Task details: Begin at the line containing "Interlace 39-Inch LED" in the records below, end at the line containing "Carhartt Vintage Carhartt", and retype each line in that span exactly. No other line and no image should appear.

┌─ Input material

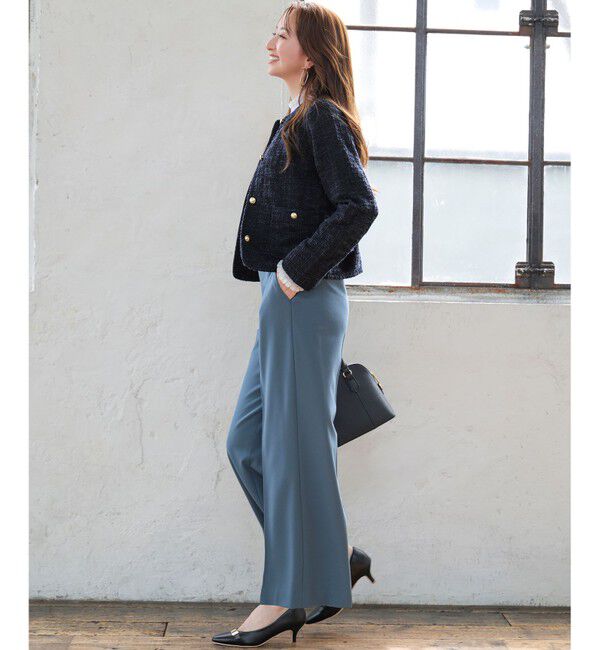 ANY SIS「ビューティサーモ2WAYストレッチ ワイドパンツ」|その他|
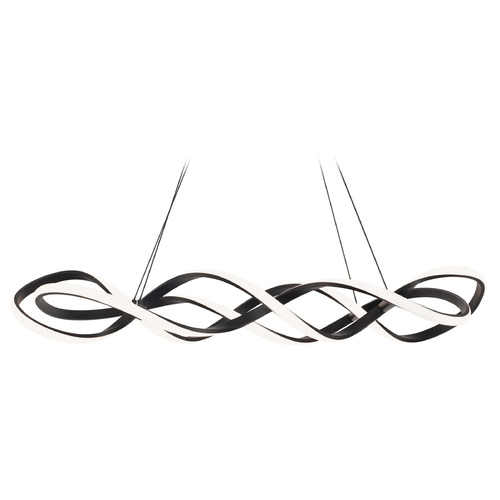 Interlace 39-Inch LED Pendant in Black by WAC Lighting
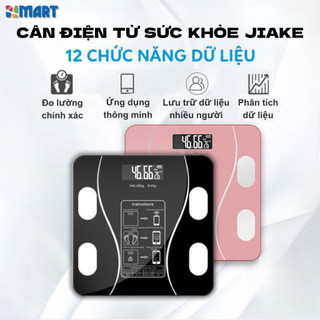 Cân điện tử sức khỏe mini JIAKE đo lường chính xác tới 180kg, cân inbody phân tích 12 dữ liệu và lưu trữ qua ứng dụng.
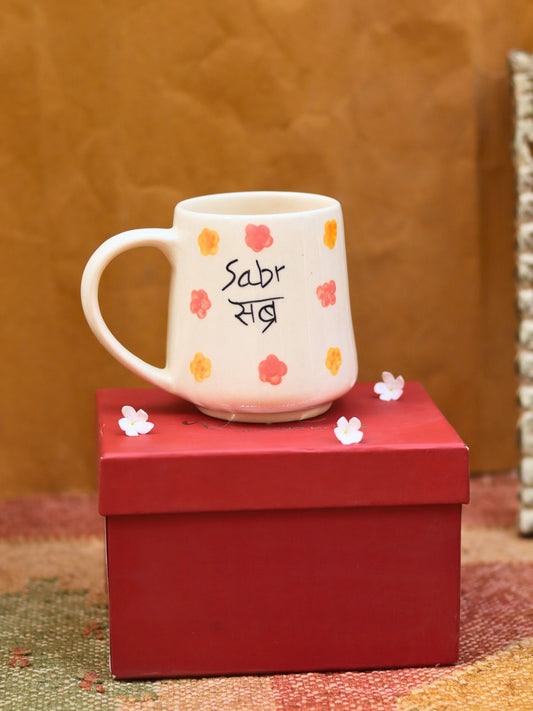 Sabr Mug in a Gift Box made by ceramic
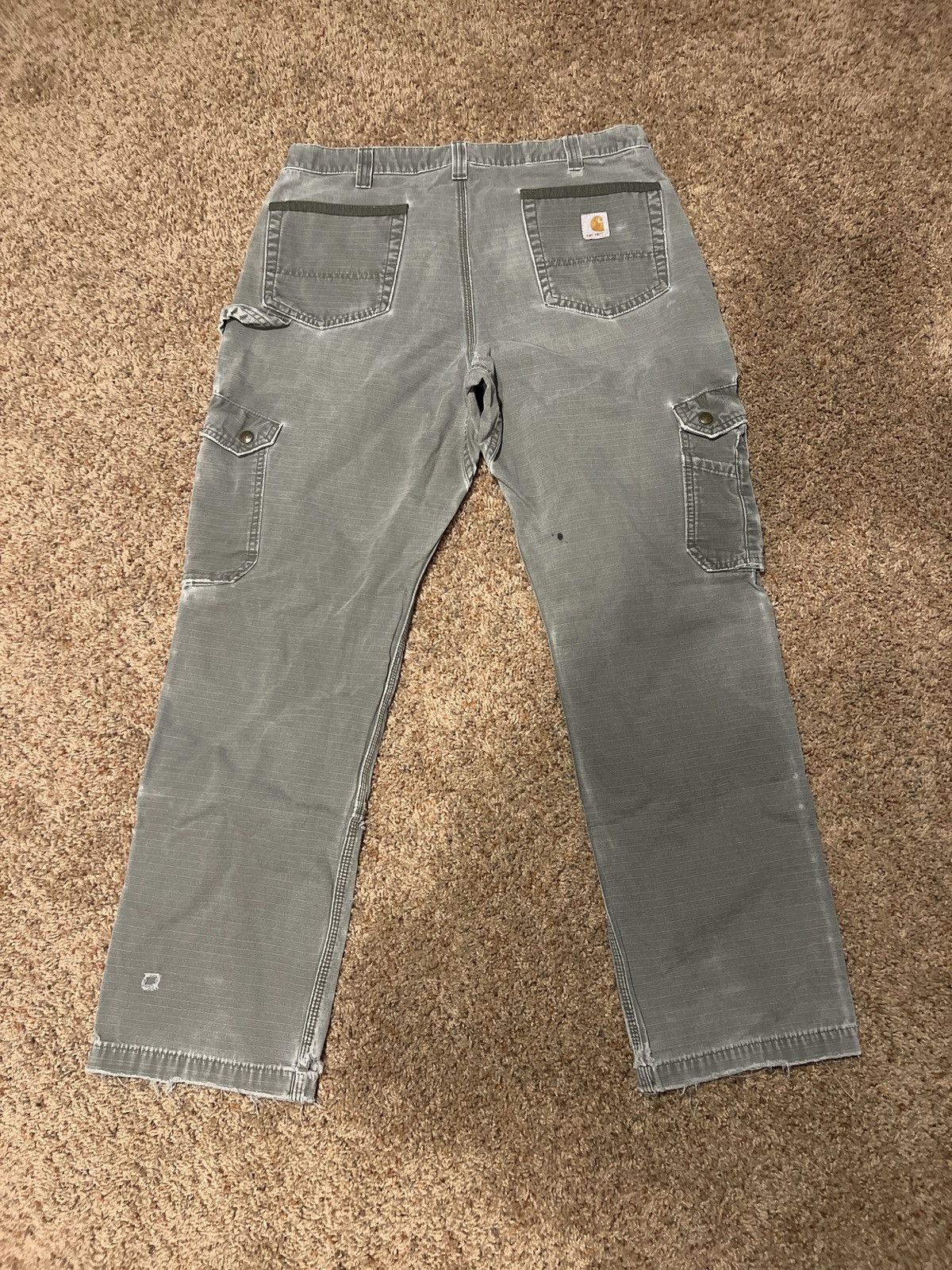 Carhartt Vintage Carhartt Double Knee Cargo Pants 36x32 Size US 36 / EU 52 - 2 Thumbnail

└─
┌─ Input material

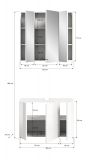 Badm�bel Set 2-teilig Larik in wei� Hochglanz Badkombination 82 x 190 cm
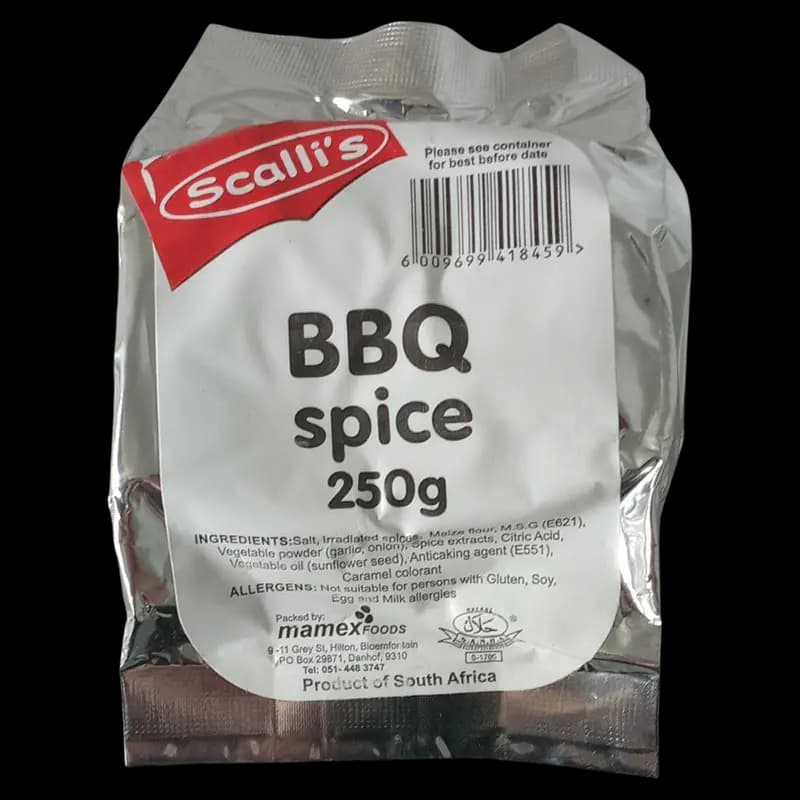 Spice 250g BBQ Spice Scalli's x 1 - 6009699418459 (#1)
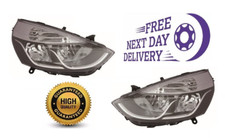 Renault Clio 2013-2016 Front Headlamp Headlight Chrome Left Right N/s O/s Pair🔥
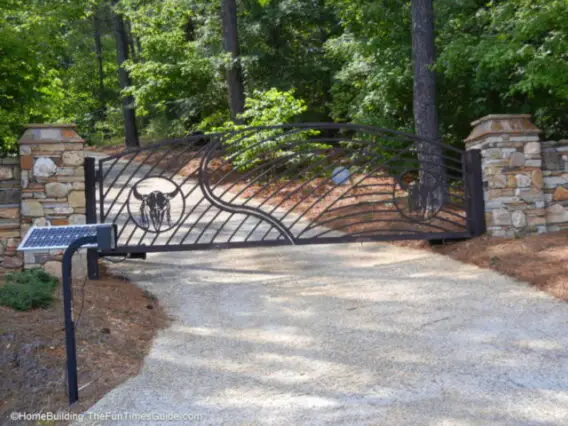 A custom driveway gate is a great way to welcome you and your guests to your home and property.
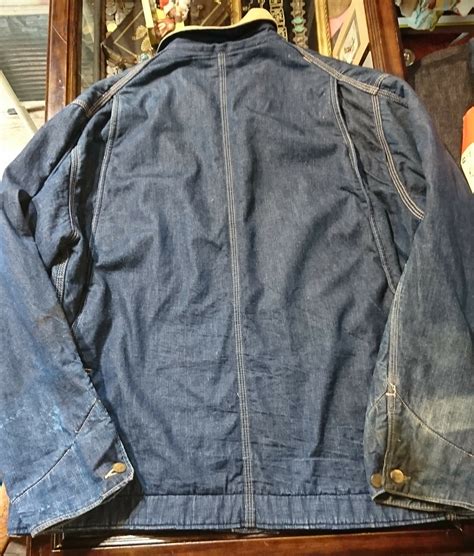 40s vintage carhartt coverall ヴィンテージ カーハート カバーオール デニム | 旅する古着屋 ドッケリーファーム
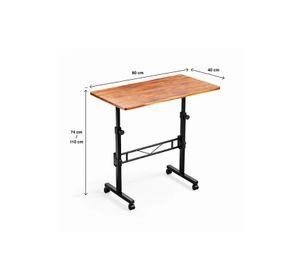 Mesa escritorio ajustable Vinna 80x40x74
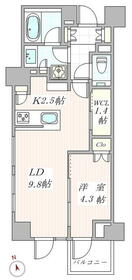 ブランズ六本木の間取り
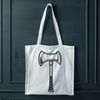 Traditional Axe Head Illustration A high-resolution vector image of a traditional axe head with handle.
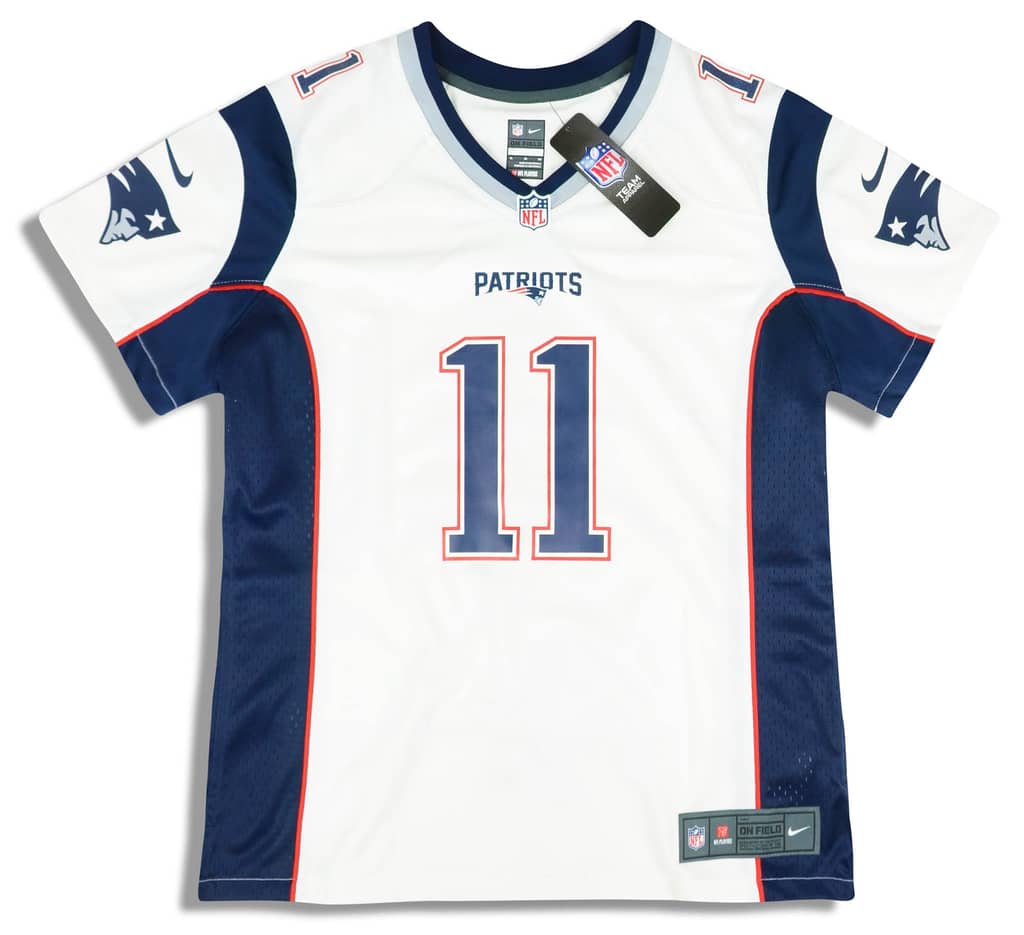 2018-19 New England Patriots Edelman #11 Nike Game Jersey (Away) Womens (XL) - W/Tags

└─

Exercise output:
 Interlace 39-Inch LED Pendant in Black by WAC Lighting
 Cân điện tử sức khỏe mini JIAKE đo lường chính xác tới 180kg, cân inbody phân tích 12 dữ liệu và lưu trữ qua ứng dụng.
 Sabr Mug in a Gift Box made by ceramic
 Carhartt Vintage Carhartt Double Knee Cargo Pants 36x32 Size US 36 / EU 52 - 2 Thumbnail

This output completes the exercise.